A hybrid for open access

BMJ 2004; 329 doi: https://doi.org/10.1136/bmj.329.7470.0-g (Published 07 October 2004) Cite this as: BMJ 2004;329:0-g
  1. Kamran Abbasi (kabbasi{at}bmj.com), acting editor

    Open access publishing has risen in prominence in recent months. The Public Library of Science's new medical journal, launching on 21 October, will champion this publishing model, whereby full text research articles are freely available. The UK House of Commons Science and Technology Committee rebuked larger commercial publishers for a 58% hike in journal prices from 1998 to 2003. The committee believes that the increase has created an “impending crisis,” where academic libraries struggle to purchase subscriptions to journals their readers need, in a world where large commercial publishers make obscene profits and research institutions pay twice: to fund research then access it when published in subscription journals. Free, interlinked, institutional research repositories are the way forward, the committee concludes (24 July, p 188).

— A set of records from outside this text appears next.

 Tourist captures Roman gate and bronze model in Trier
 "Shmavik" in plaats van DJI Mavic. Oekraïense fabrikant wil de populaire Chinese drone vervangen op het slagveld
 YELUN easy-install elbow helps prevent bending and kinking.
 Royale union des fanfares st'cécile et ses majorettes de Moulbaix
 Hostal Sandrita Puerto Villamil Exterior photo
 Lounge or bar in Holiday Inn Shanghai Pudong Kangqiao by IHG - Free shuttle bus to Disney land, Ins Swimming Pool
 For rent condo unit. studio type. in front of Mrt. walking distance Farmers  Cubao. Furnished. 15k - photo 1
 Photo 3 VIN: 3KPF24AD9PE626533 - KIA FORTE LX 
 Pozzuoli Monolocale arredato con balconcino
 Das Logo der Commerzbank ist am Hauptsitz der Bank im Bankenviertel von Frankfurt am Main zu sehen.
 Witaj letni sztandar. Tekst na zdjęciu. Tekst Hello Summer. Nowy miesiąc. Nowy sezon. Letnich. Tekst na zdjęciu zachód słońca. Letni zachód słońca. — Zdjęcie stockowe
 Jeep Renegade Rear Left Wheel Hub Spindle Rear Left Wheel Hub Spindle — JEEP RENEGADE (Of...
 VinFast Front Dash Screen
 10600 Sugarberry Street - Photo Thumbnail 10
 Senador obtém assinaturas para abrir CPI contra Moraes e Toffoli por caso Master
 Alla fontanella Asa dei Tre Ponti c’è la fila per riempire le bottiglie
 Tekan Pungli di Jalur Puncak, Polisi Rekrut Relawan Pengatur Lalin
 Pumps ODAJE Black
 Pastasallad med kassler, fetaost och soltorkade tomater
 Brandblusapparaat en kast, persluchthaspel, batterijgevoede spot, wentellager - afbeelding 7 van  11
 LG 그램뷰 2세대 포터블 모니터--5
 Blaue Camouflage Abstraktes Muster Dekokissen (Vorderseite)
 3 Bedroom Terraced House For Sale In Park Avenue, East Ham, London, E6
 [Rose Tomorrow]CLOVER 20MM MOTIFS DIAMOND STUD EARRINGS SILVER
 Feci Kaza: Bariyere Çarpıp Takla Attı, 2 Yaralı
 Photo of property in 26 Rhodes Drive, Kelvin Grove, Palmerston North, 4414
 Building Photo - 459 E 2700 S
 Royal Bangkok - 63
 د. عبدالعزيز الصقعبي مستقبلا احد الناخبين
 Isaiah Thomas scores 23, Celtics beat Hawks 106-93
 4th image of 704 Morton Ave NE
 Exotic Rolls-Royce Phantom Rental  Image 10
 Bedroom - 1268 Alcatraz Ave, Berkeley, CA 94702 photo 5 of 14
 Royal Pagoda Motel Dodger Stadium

    Last month, the US National Institutes of Health announced a consultation document on requiring all NIH funded research to be freely available on PubMed Central—NIH's digital repository of biomedical research—six months after publication in a journal (11 September, p 590). Patient groups and the health department are pushing for better access to NIH sponsored research. NIH director Dr Elias Zerhouni is accountable for the billions of dollars NIH spends on research and believes that the status quo—where publicly funded research is not quickly available to all for free—is not acceptable.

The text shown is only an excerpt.